II. To compare CR rates in participants with relapsed/refractory marginal zone lymphoma randomized to mosunetuzumab SQ with or without polatuzumab vedotin (Arm 3 versus Arm 1).
SECONDARY OBJECTIVES:
I. To compare progression-free survival (PFS) between:
Ia. Participants randomized to mosunetuzumab SQ with or without zanubrutinib (Arm 2 versus Arm 1); Ib. Participants randomized to mosunetuzumab SQ with or without polatuzumab vedotin (Arm 3 versus Arm 1).
II. To compare overall survival (OS) between:
IIa. Participants randomized to mosunetuzumab SQ with or without zanubrutinib (Arm 2 versus Arm 1); IIb. Participants randomized to mosunetuzumab SQ with or without polatuzumab vedotin (Arm 3 versus Arm 1).

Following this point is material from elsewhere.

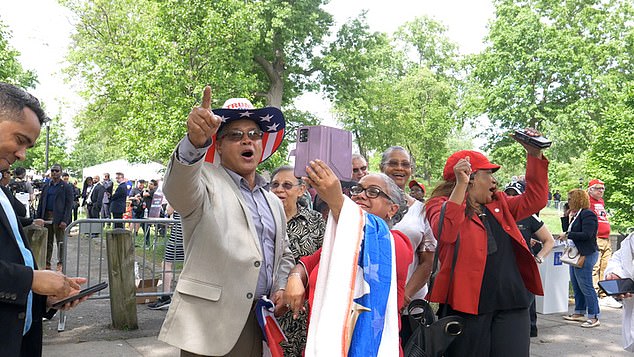 A Latino group dances to the popular Spanish jingle of the Trump campaign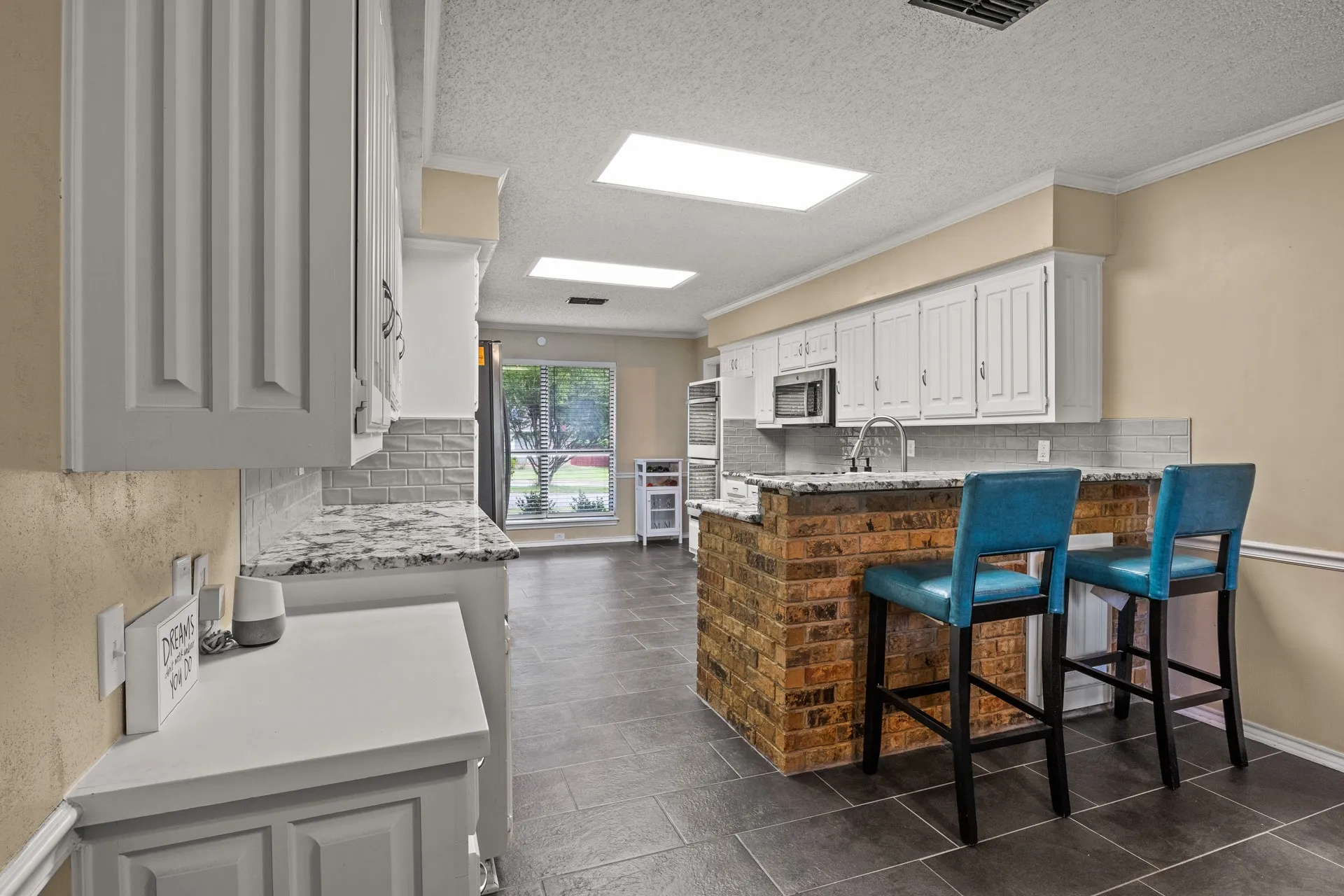 Kitchen featuring stainless steel microwave, decorative backsplash, a peninsula, a textured ceiling, and a breakfast bar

III. To compare overall response rate (ORR defined as complete responses [CR] and partial responses [PR]) between:
IIIa. Participants randomized to mosunetuzumab SQ with or without zanubrutinib (Arm 2 versus Arm 1); IIIb. Participants randomized to mosunetuzumab SQ with or without polatuzumab vedotin (Arm 3 versus Arm 1).
IV. To estimate duration of response (DoR) among responders within each treatment arm.

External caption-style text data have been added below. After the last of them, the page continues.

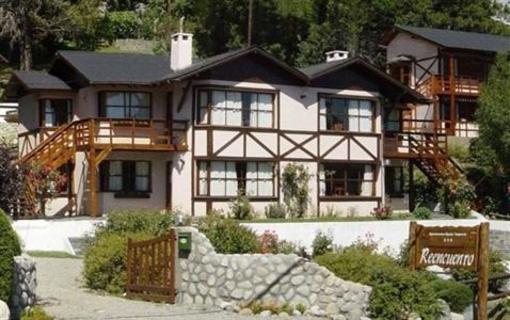 фото отеля Reencuentro Apart Bungalows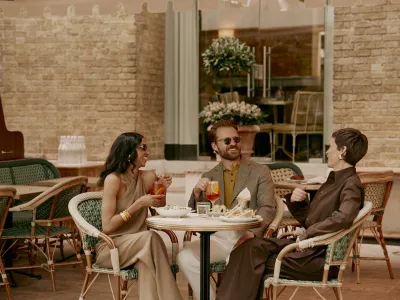 Friends enjoying alfresco dining and drinks at a Chelsea café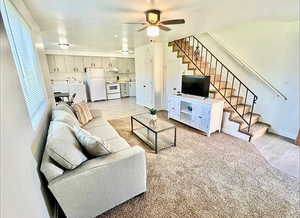 Living area featuring light wood-style flooring, washing machine and dryer, and ceiling fan
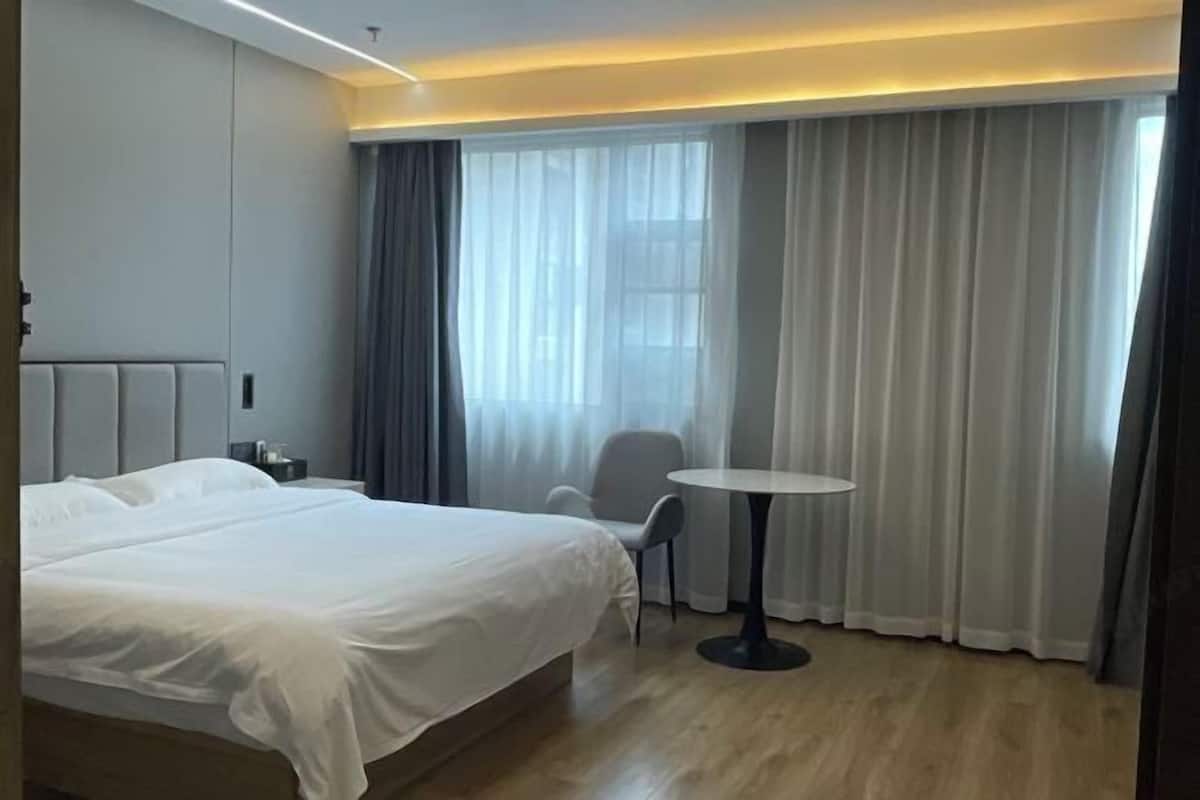 A hotel room with a large bed, a small round table, a chair, and a window with curtains.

V. To evaluate the frequency and severity of adverse events (AE) observed in each treatment arm.
PATIENT REPORTED OUTCOMES-COMMON TERMINOLOGY CRITERIA FOR ADVERSE EVENTS (PRO-CTCAE) OBJECTIVE:
I. Compare the incidence and severity of symptomatic adverse events (AEs) between each treatment arm utilizing PRO-CTCAE, including diarrhea, neuropathy, bruising, palpitations, and concentration/memory.
BANKING OBJECTIVE:
I. To bank specimens for future correlative studies.
OUTLINE: Patients are randomized to 1 of 3 arms.
ARM 1: Patients receive mosunetuzumab subcutaneously (SC) on days 1, 8 and 15 of cycle 1 and day 1 of subsequent cycles. Cycles repeat every 21 days for 8 cycles in the absence of disease progression or unacceptable toxicity. After 8 cycles, patients who achieve complete response (CR) or progressive disease (PD) discontinue treatment. Patients with partial response (PR) or stable disease (SD) continue treatment for an additional 9 cycles in the absence of disease progression or unacceptable toxicity. Patients undergo positron emission tomography (PET)/computed tomography (CT), CT, clinically indicated bone marrow biopsy, and blood sample collection throughout the study.
ARM 2: Patients receive mosunetuzumab SC on days 1, 8 and 15 of cycle 1 and day 1 of subsequent cycles. Patients also receive zanubrutinib orally (PO) once daily (QD) or twice daily (BID) on days 1-21 of each cycle. Cycles repeat every 21 days for 8 cycles in the absence of disease progression or unacceptable toxicity. After 8 cycles, patients who achieve CR or PD discontinue treatment. Patients with PR or SD continue treatment for an additional 9 cycles in the absence of disease progression or unacceptable toxicity. Patients undergo PET/CT, CT, clinically indicated bone marrow biopsy, and blood sample collection throughout the study.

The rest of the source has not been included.